(Stored data entries)
○ ○ ○ ○
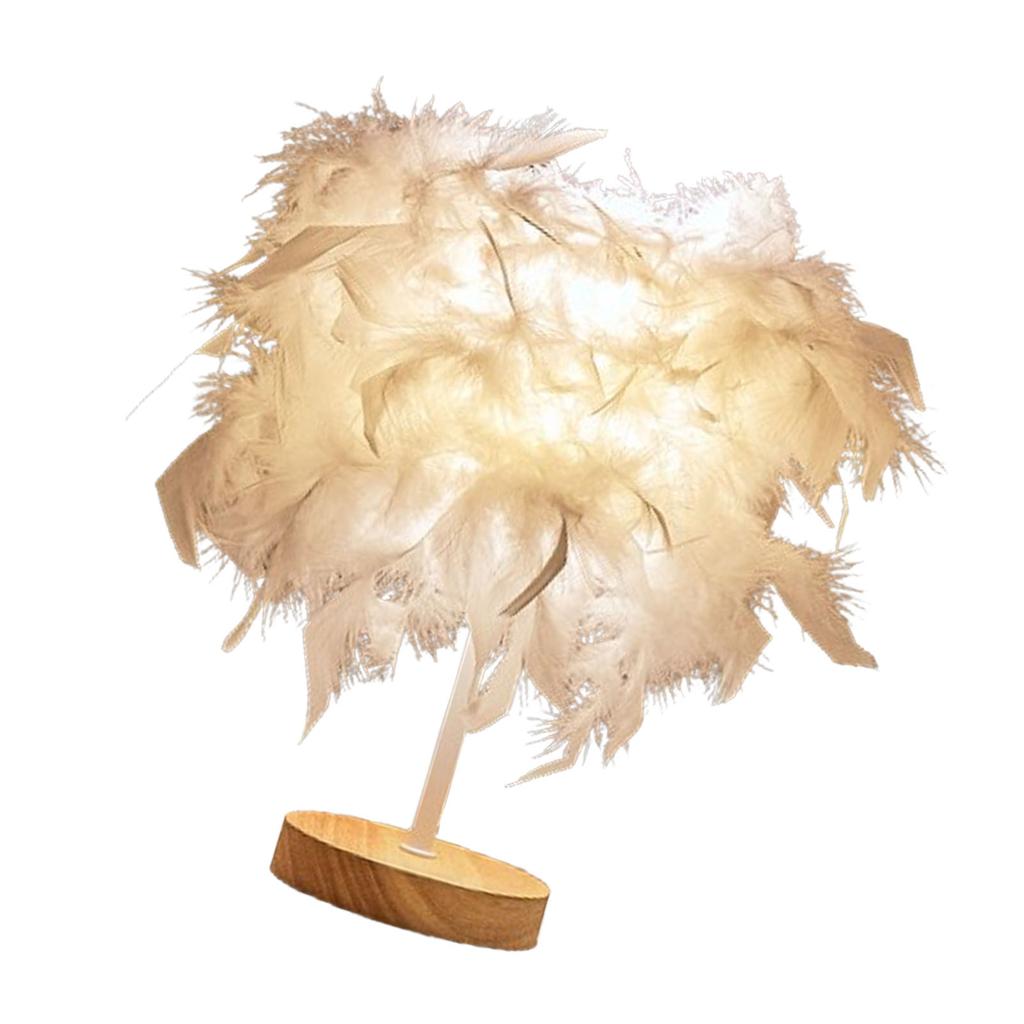 Feather Table Lamp Light Luxury Bedside Lamp Night Light for Bedroom Living Room Party Wedding
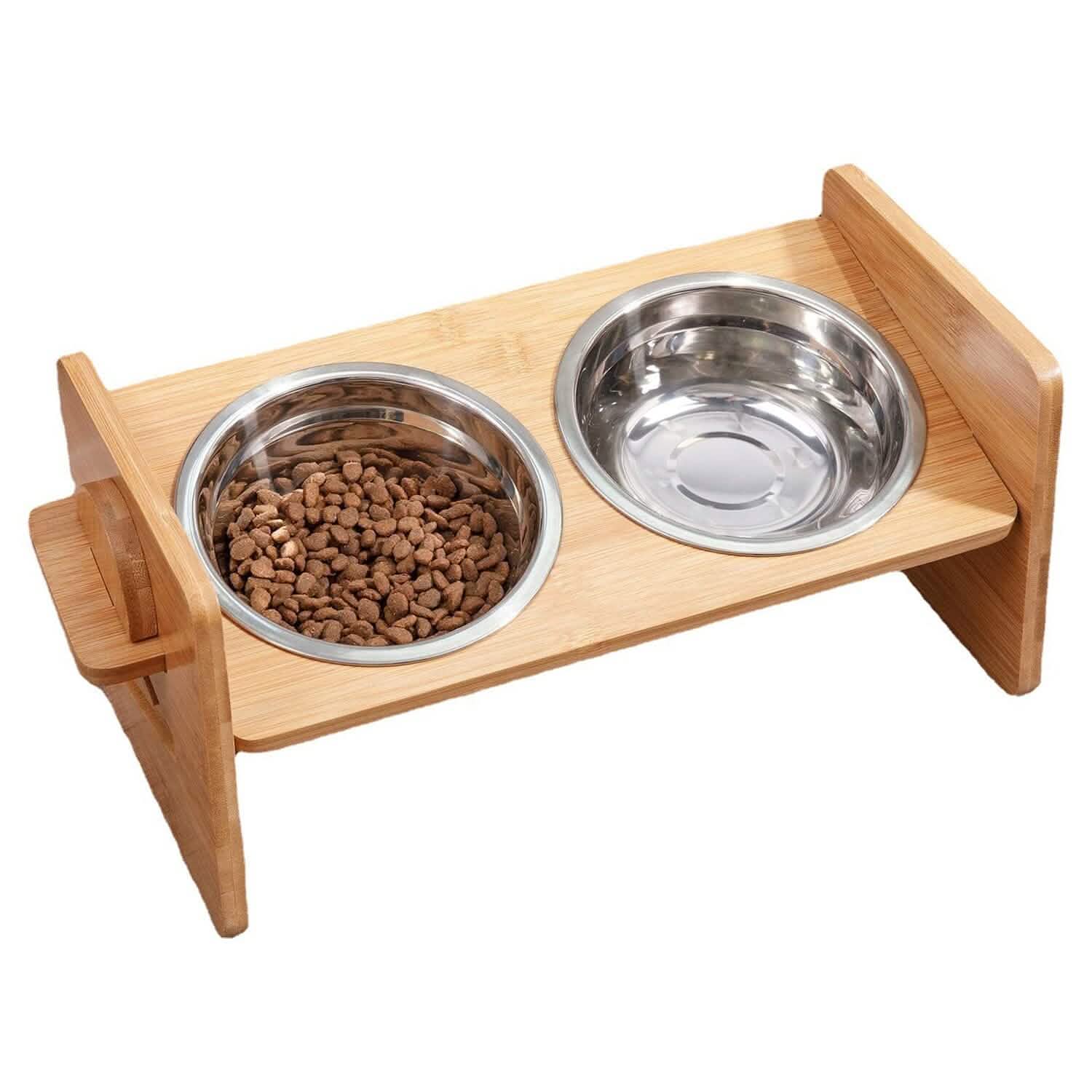 5°Tilt Bamboo Double Elevated Dog Bowls with 4 Adjustable Heights DailySale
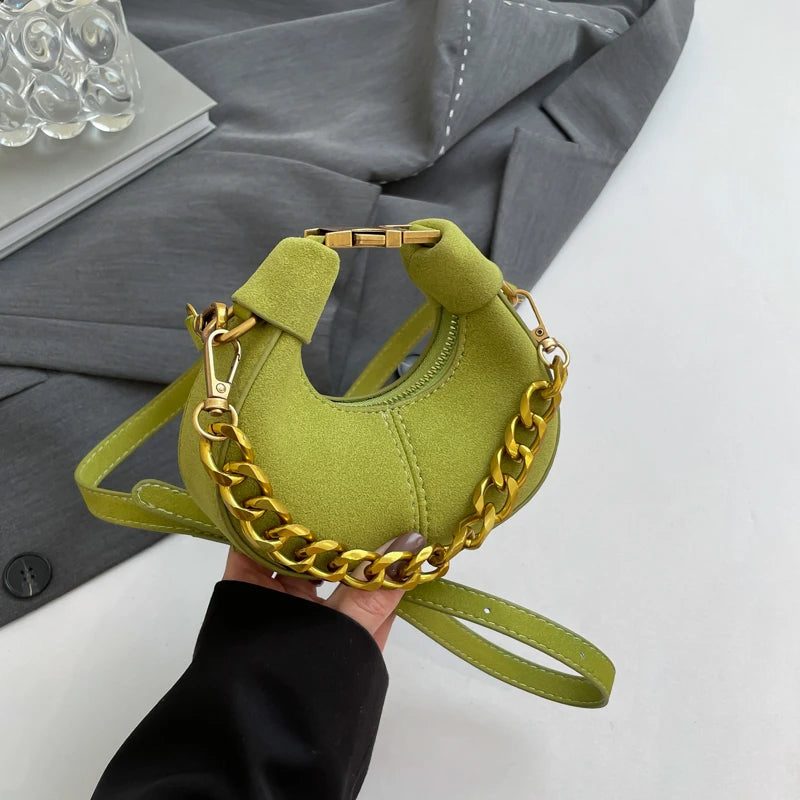 Leather Shoulder Bag with Gold Chain Strap and Adjustable Shoulder Strap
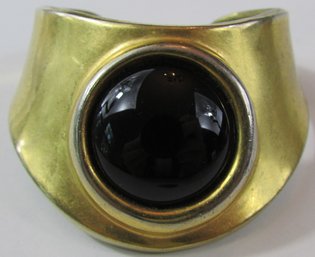 Vintage ROBERT LEE MORRIS Bracelet, CUFF Style With Large Black Color Cabochon, Gold Tone Base Metal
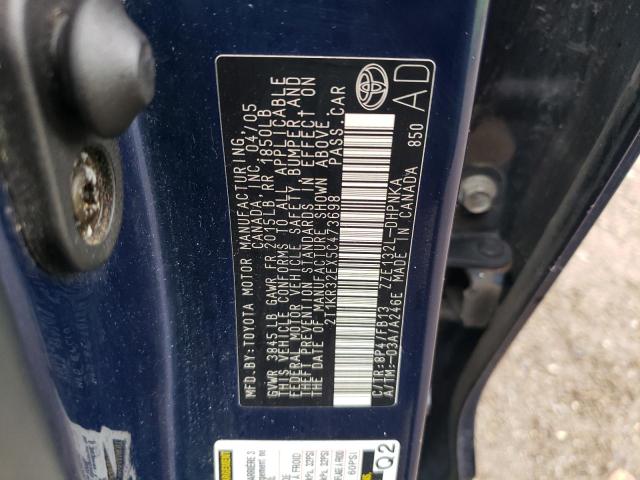 2T1KR32EX5C473698 - 2005 TOYOTA COROLLA MA XR BLUE photo 12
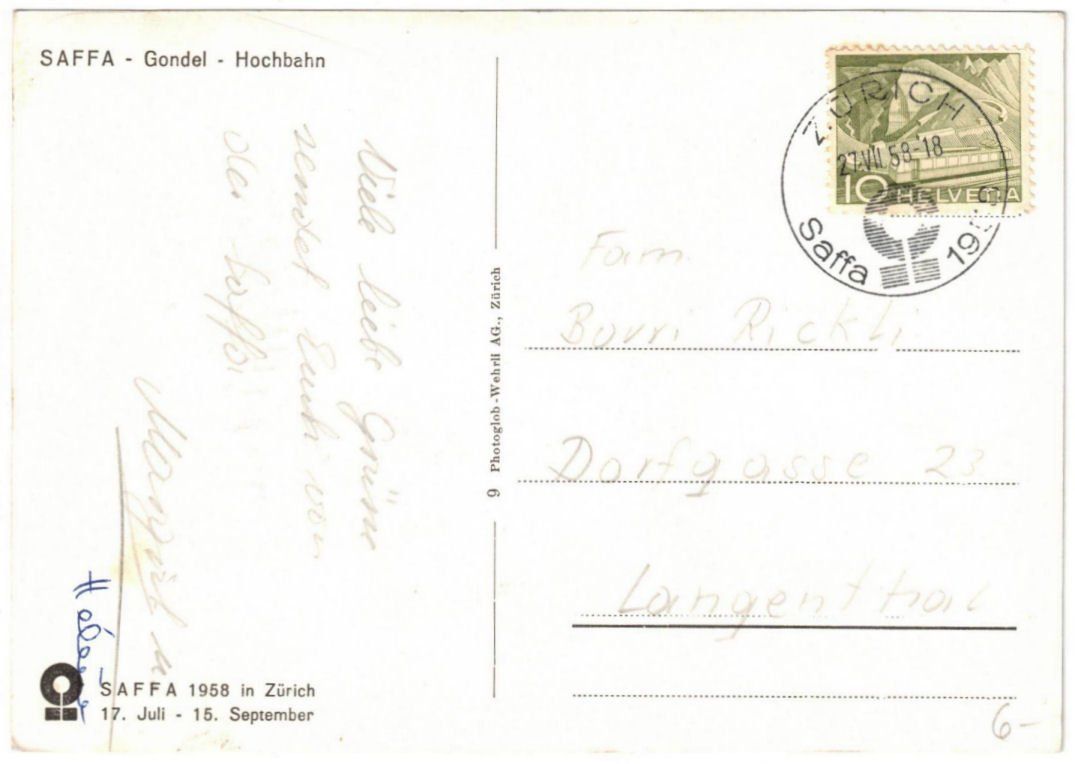 Cartoline postali: Zürich - Gondelbahn SAFFA – Usato da Binningen venduto da Mountainrider 1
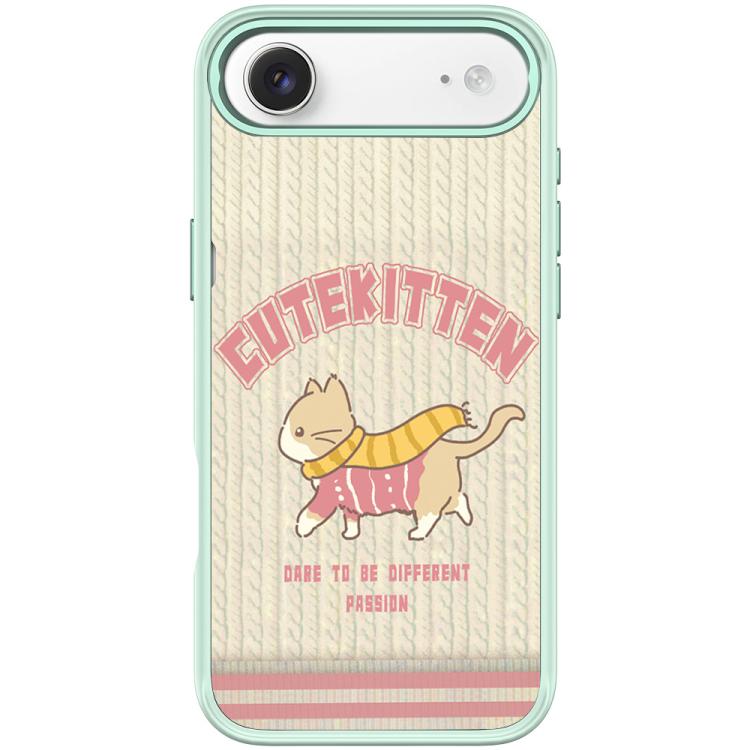 For iPhone Air Adorable Woolen Cat Pattern Magnetic Phone Case(Light Green)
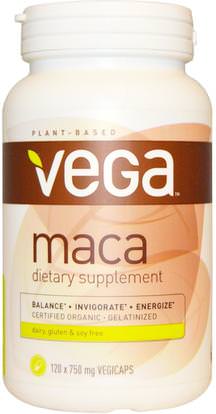 Vega, Maca, 750 mg, 120 Veggie Caps ,المكملات الغذائية، أدابتوغين، الرجال، ماكا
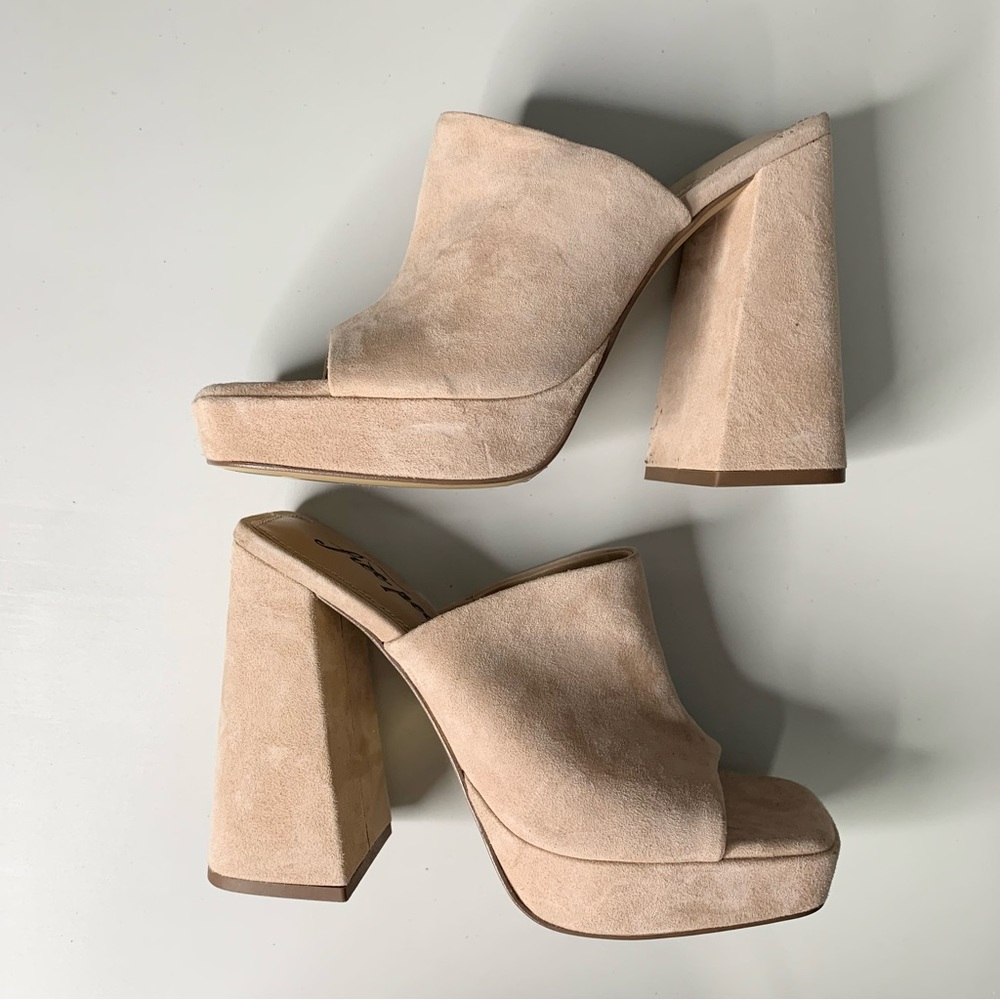 Free People 38 US 8 Margo Suede Mules Sand Square Platform Chunky Open Toe - Picture 2 of 11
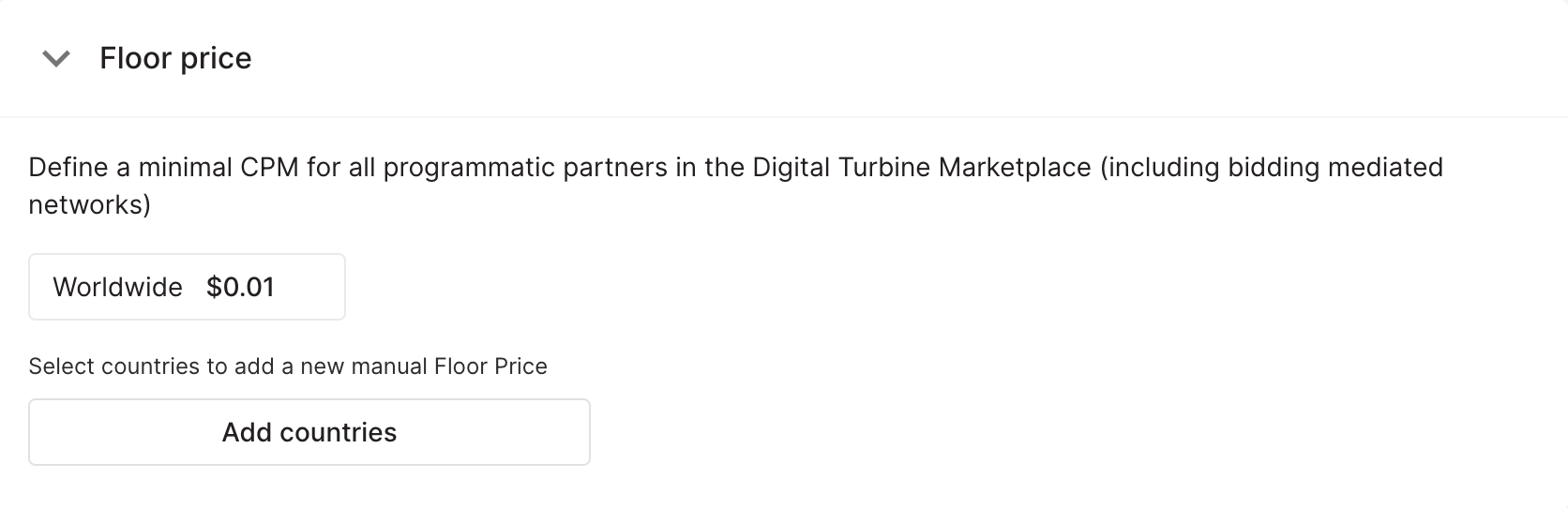 Floor Price Settings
○ ○ ○ ○
WHAT IS EXPECTED: Every entry above is to be copied verbatim, with the pictures removed.

ANSWER TO THIS PROBLEM:
 Feather Table Lamp Light Luxury Bedside Lamp Night Light for Bedroom Living Room Party Wedding
 5°Tilt Bamboo Double Elevated Dog Bowls with 4 Adjustable Heights DailySale
 Leather Shoulder Bag with Gold Chain Strap and Adjustable Shoulder Strap
 Vintage ROBERT LEE MORRIS Bracelet, CUFF Style With Large Black Color Cabochon, Gold Tone Base Metal
 2T1KR32EX5C473698 - 2005 TOYOTA COROLLA MA XR BLUE photo 12
 Cartoline postali: Zürich - Gondelbahn SAFFA – Usato da Binningen venduto da Mountainrider 1
 For iPhone Air Adorable Woolen Cat Pattern Magnetic Phone Case(Light Green)
 Vega, Maca, 750 mg, 120 Veggie Caps ,المكملات الغذائية، أدابتوغين، الرجال، ماكا
 Free People 38 US 8 Margo Suede Mules Sand Square Platform Chunky Open Toe - Picture 2 of 11
 Floor Price Settings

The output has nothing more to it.